GIVEN DATA -

☆ ☆ ☆ ☆ ☆ ☆ ☆

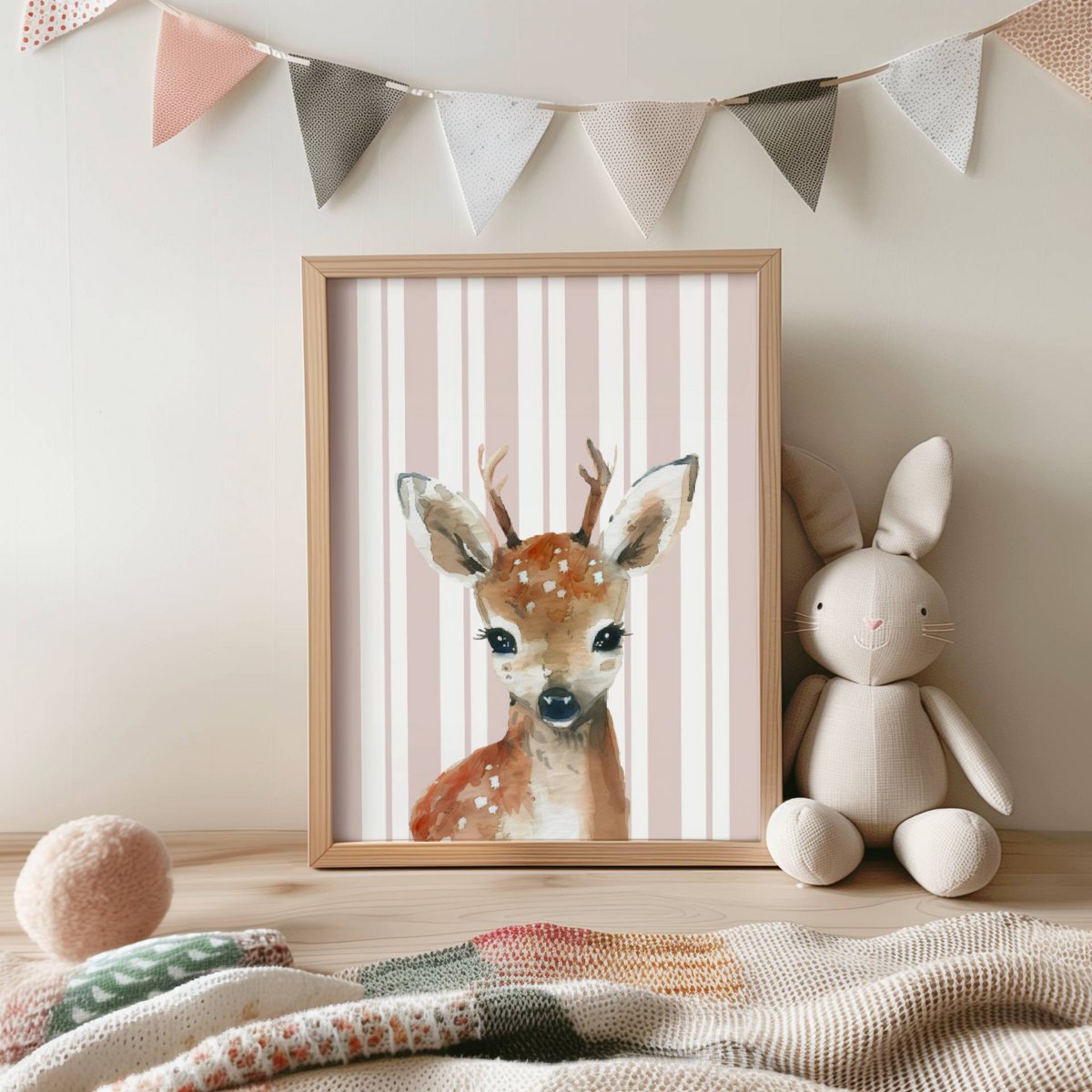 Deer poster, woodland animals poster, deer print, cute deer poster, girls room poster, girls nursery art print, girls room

☆ ☆ ☆ ☆ ☆ ☆ ☆

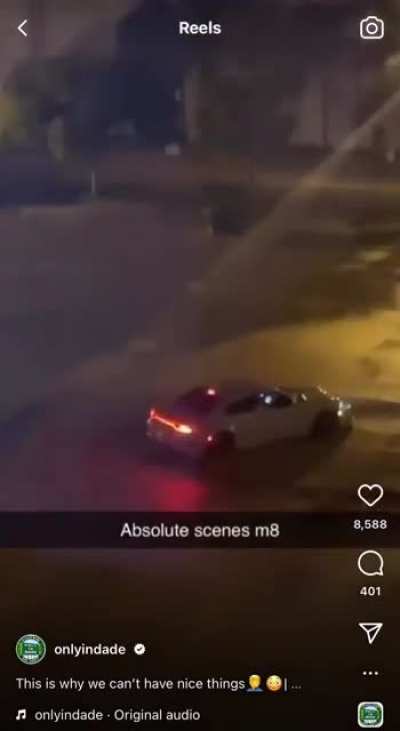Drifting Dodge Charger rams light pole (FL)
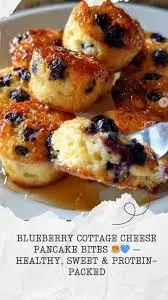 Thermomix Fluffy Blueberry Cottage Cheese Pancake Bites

☆ ☆ ☆ ☆ ☆ ☆ ☆

WHAT THE TASK ASKS - Write out exactly the run of lines above that starts at the line containing "Drifting Dodge Charger rams light pole (FL)" and ends at the line containing "Thermomix Fluffy Blueberry". Include both, and leave the pictures out.

EXERCISE SOLUTION -
Drifting Dodge Charger rams light pole (FL)
 Thermomix Fluffy Blueberry Cottage Cheese Pancake Bites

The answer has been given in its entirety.